← Back to context

Comment by cmrdporcupine

14 hours ago

Both Apple and NeXT had machines prototyped around it, but it was initially very expensive I believe, and I think Apple was easily convinced to go with PowerPC ... and rather than evolve it and push it further Motorola dropped it in favour of going in on PowerPC.

The sad thing is Intel showed there was still life left in CISC, and Motorola themselves ended up circling back on 68k in the form of ColdFire which proved you could do for 68k what Intel did w/ the Pentium. But by then all their 68k customers had moved on from the 68k ISA.

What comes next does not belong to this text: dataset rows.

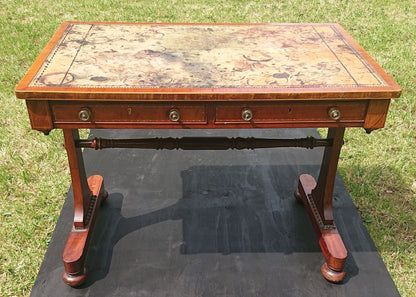 A 19th Century Antique Writing Table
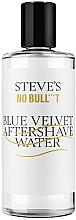 Steve?s No Bull***t Blue Velvet Aftershave Water - Woda po goleniu — Zdjęcie N1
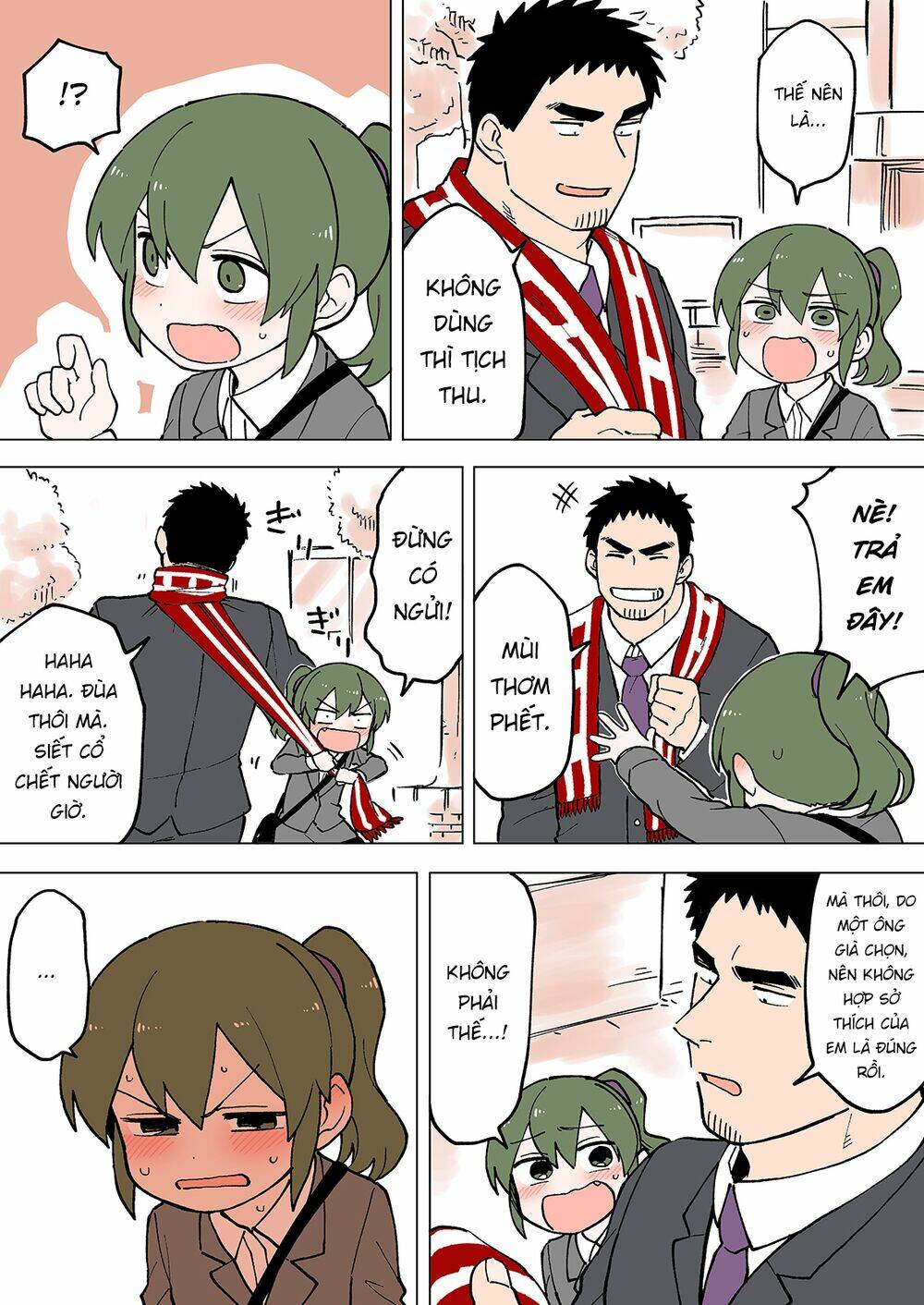 Senpai Ga Urusai Kouhai No Hanashi Chapter 51 - Trang 2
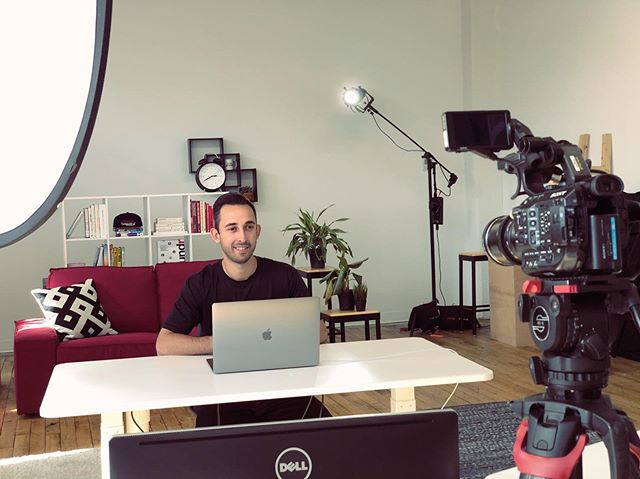 Such an incredible day of filming with @foundr.

So appreciative to be apart of the likes of @gretta @iamnickshackelford and 2 other entrepreneurs in teaching an advanced eCommerce course for Foundrs amazing and engaged audience.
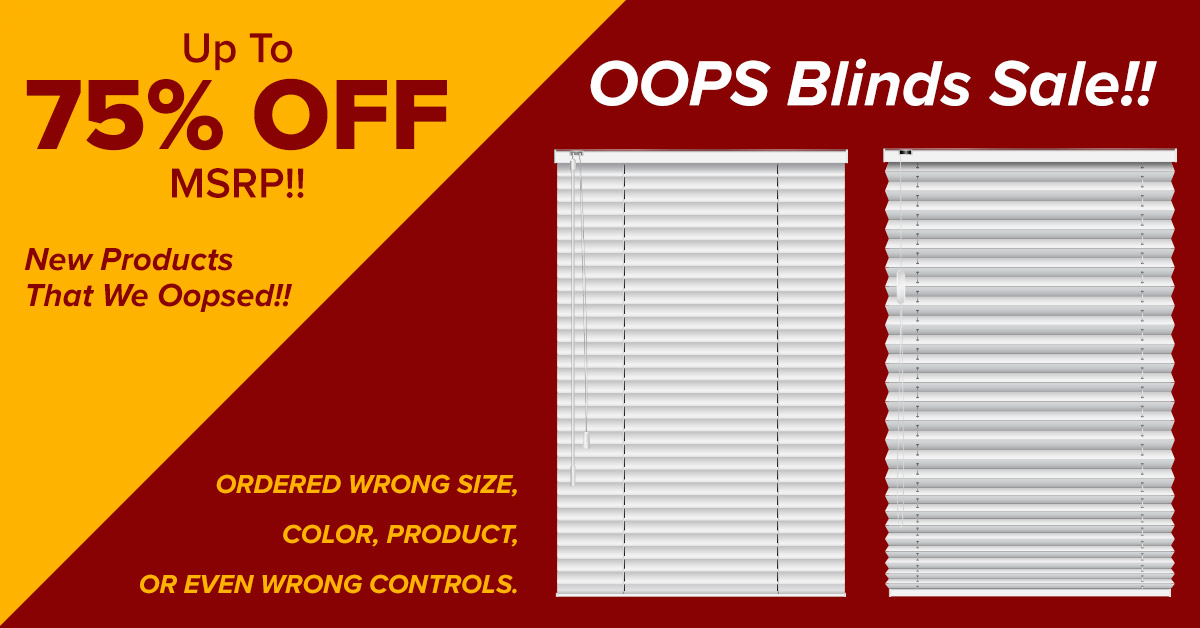 Blinds sale in Tucson, AZ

68k was much harder to optimize than x86, being way more CISC-y

68k like VAX was seen as dead avenue not only compared to RISC

  • Motorola had made a few design mistakes, like adding memory indirect addressing in MC68020, which were removed much later, in the ColdFire Motorola CPUs.

    But Intel had made much more design mistakes in the x86 ISA.

    The truth is that the success of Intel and the failure of Motorola had absolutely nothing to do with the technical advantages or disadvantages of their CPU architectures.

    Intel won and Motorola failed simply because IBM had chosen the Intel 8088 for the IBM PC.

    Being chosen by IBM was partly due to luck and partly due to a bad commercial strategy of Motorola, which had chosen to develop in parallel 2 incompatible CPU architectures, MC68000 intended for the high end of the market and MC6809 for the low end of the market.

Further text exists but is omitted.